Trace fossils are sparse below, but become common in the Hatherton Sandstone. They change from Skolithos-dominated facies to wide diversity and abundance, including vertical and horizontal burrows and huge arthropod trackways. The size of the arthropod tracks (less than 91 cm) is taken to imply that water must have been required for support.

- Fodinichnia: feeding burrows, probably of marine polychaetes, featuring evidence of rhythmic defecation.
  - Narrow, sinuous, near-surface forms on flat bedding surfaces
  - Longer, larger forms, reaching 13 cm across and 1 m in length.

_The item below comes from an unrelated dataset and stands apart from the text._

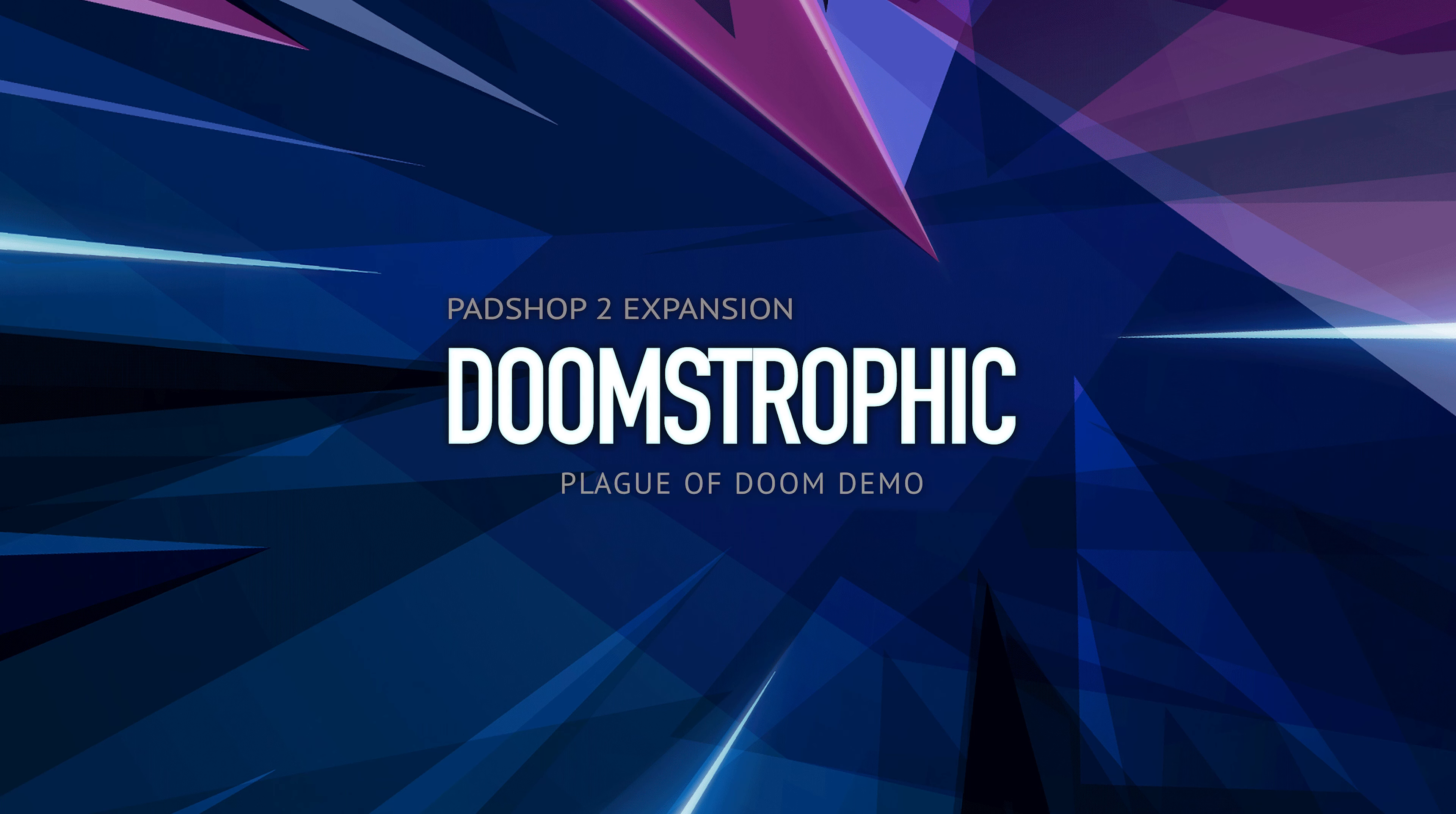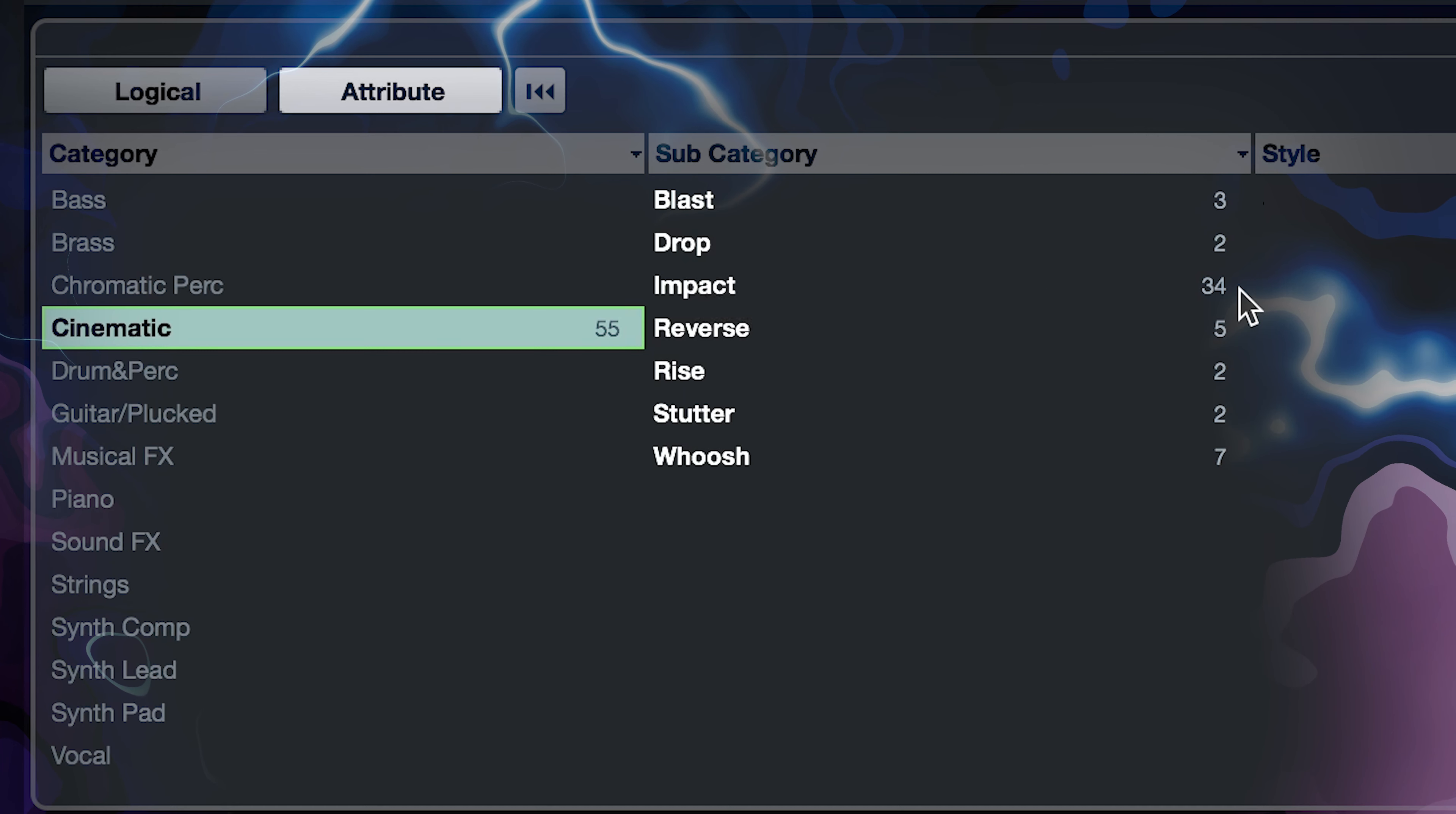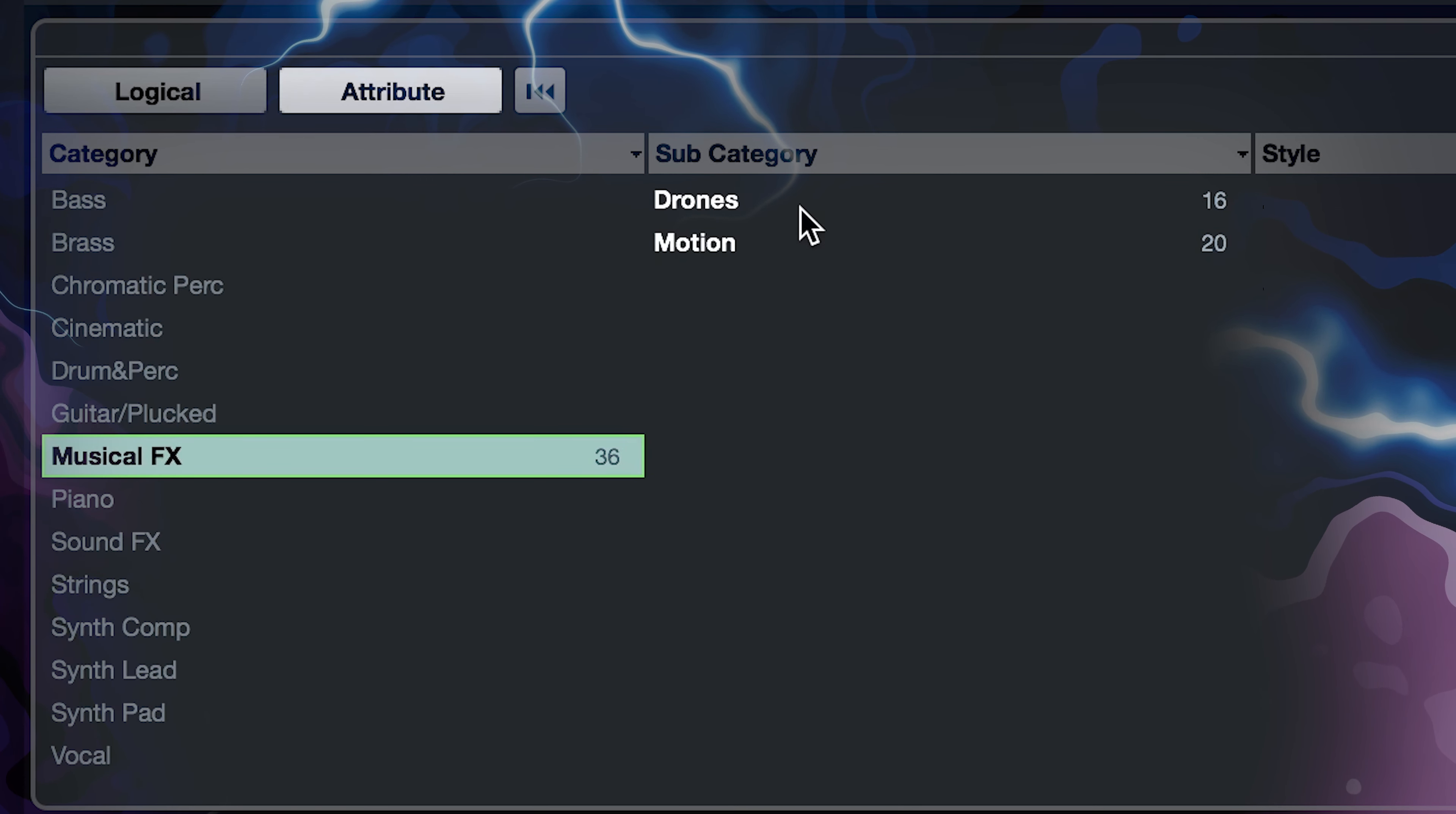Hello everyone, it's Gary Gibbons here and today I want to show you what you can find in the Doomstrophic expansion pack. I'm going to play you a demo showing some of the epic cinematic impacts and doomsday drones. Here we go.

- Walking trackways of arthropods (Repichnia). The presence of crawling traces in such well sorted sands is problematic. The arthropod trackways are thought to have been formed in shallow water, and supersaturated sand has a shallow angle of repose. Thus either a layer of organic matter, perhaps in the form of an algal slime, must have supported the sediment, or the sediment must have been partially dry. In the context of subaerial features such as raindrop marks and desiccation cracks on associated horizons, the best explanation is that the trackways were formed on bedforms produced on a river bed, but while they were exposed by a low-flow period.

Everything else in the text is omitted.